How do we know research software is correct?

Posted by s.hettrick on 27 September 2013 - 2:26pm

By Ian Cottam, IT Services Research Lead at The University of Manchester.

We all know about testing code; but decades ago Dijkstra pointed out that "Testing can only show the presence of bugs and not their absence". So, what can we do to gain confidence that Research Software is correct?

As an ex-formalist, I could say "write a formal (mathematical) specification of what your software is supposed to do; transform it into executable and efficient code in a number of steps; prove the preservation of correctness of each transformation as you go." I am also reminded of a quote from Knuth "Be aware this code has not been tested, only proven correct."

Of course, expensive formal verification is never going to happen for anything but life-critical code.
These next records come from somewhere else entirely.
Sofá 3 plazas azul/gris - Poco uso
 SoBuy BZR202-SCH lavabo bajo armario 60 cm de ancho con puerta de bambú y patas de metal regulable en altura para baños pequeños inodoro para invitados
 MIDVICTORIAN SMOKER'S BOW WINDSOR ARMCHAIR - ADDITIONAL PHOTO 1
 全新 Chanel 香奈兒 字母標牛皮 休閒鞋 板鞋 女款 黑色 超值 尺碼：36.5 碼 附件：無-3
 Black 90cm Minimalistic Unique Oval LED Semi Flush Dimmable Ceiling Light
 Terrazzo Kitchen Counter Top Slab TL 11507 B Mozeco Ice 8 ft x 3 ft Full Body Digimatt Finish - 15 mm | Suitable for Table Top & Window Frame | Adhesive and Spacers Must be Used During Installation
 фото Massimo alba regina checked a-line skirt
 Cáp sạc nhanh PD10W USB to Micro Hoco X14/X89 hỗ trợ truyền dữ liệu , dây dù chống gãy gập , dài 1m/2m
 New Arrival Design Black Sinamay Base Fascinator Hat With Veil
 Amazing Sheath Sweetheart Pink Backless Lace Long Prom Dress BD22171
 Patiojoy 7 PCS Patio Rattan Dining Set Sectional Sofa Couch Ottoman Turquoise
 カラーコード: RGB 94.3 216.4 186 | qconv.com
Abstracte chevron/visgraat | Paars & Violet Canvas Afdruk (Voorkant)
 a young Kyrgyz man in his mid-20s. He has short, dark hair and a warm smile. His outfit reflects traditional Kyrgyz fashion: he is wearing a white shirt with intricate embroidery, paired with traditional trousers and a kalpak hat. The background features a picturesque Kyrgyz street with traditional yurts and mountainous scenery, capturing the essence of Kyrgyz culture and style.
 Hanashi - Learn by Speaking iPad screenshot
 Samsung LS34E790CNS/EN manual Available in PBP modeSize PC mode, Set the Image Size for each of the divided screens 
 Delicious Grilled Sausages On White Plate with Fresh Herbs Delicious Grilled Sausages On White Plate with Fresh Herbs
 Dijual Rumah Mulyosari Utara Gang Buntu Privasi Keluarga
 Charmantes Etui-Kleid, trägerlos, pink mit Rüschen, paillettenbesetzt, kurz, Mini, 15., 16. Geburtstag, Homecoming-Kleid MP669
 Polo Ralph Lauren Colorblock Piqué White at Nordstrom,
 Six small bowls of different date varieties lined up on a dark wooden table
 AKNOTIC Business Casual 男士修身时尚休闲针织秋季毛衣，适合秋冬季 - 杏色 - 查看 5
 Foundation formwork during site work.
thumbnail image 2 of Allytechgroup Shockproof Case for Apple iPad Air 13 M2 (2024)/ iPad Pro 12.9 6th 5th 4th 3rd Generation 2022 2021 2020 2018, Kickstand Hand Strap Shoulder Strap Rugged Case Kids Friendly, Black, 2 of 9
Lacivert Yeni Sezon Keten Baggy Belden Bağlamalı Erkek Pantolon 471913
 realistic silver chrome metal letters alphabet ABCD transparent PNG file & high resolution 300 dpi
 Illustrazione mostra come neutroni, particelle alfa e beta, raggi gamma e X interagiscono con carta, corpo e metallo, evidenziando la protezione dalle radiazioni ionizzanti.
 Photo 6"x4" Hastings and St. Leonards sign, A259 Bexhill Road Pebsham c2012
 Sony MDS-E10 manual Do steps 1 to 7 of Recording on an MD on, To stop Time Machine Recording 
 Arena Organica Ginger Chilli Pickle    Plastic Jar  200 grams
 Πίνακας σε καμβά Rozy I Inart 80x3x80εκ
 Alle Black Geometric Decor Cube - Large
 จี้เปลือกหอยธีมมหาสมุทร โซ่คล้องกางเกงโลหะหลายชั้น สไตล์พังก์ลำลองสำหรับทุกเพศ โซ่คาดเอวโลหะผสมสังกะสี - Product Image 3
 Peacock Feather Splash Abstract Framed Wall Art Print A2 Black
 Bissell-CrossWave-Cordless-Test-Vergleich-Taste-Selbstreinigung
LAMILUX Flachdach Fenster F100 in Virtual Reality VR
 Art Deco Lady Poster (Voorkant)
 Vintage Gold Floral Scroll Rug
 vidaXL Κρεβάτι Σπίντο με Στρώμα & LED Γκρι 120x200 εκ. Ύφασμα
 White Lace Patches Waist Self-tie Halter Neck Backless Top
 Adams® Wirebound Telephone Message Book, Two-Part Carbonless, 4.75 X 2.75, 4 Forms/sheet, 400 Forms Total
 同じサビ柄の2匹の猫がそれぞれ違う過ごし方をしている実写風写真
A good compromise might be Statistical Testing - which can be described as:

"The black box sampling of a system with sufficient and representative
pseudo-randomly generated data to assure correctness to some desired level
of confidence."

This approach requires an oracle: something you can compare results against. It could be an older, trusted version of the code, or a version written in a very (very) high-level language, where correctness is all and efficiency is nothing.

Rather than going into detail, I refer you to a paper that I contributed to some years ago when I worked for Adelard, and helped to develop a piece of software called Dust-Expert. (It could advise you on how to prevent
industrial accidents due to dust explosions.) Section 7 of the paper discusses statistical (aka probabilistic) testing in general and how we applied it to the problem of convincing ourselves and others that Dust-Expert did the right thing.

I'd appreciate your feedback on this approach.